Archives of Pathology & Laboratory Medicine,  Nov 2002  by Moake, Joel L

* Objective-To evaluate the usefulness and feasibility of measuring plasma von Willebrand factor (vWF)-cleaving metalloprotease activity (ADAMTS 13) in the differential diagnosis of thrombotic thrombocytopenic purpura (TTP), the hemolytic uremic syndrome, and other thrombotic microangiopathies.

Data Sources.-Articles published in the medical literature.

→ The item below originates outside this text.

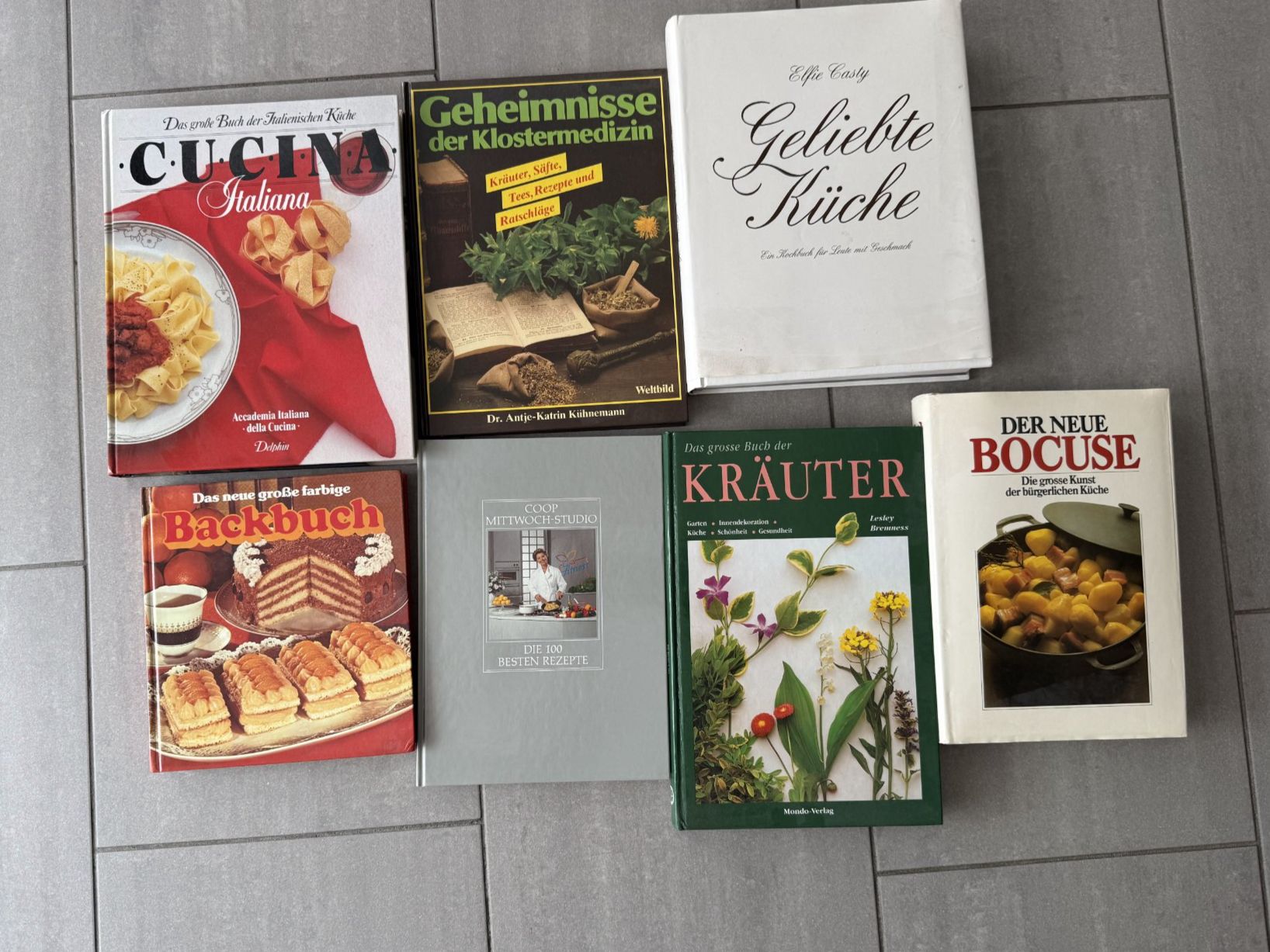 Livres: Kochbücher - 14 Bücher – D'occasion à Fällanden par Roli12 2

Data Extraction and Synthesis.-In TTP, a multimeric form of vWF that is larger than that ordinarily found in the plasma may cause systemic platelet aggregation under the high-shear conditions of the microcirculation. ADAMTS 13 is a divalent cation-activated, vWF-cleaving metalloprotease that converts unusually large vWF multimers derived from endothelial cells into smaller vWF forms in normal plasma. ADAMTS 13 is severely reduced or absent in most patients with TTP. The vWF-cleaving metalloprotease is present in fresh-frozen plasma, cryoprecipitate-depleted plasma (cryosupernatant), and in plasma that has been treated with solvent and detergent. The enzyme is defective in children with chronic relapsing TTP. Infusion of any of the plasma products that contain the vWF-cleaving metalloprotease stops or prevents (for about 3 weeks) TTP episodes in these patients. An immunoglobulin (Ig) G autoantibody to

the vWF-cleaving metalloprotease is found transiently in many adult patients with acquired acute idiopathic, recurrent, and ticlopidine/clopidogrel-associated TTP. Patients with acquired TTP require plasma exchange, that is, both infusion of a plasma product containing vWF-cleaving metalloprotease and removal of autoantibody and/or unusually large vWF multimers by plasmapheresis. The pathophysiology of platelet aggregation in bone marrow transplantation/chemotherapy-associated thrombotic microangiopathy, as well as in hemolytic uremic syndrome, is not established. in neither condition is there a severe decrease in plasma vWF-cleaving metalloprotease activity, as there is in TTP.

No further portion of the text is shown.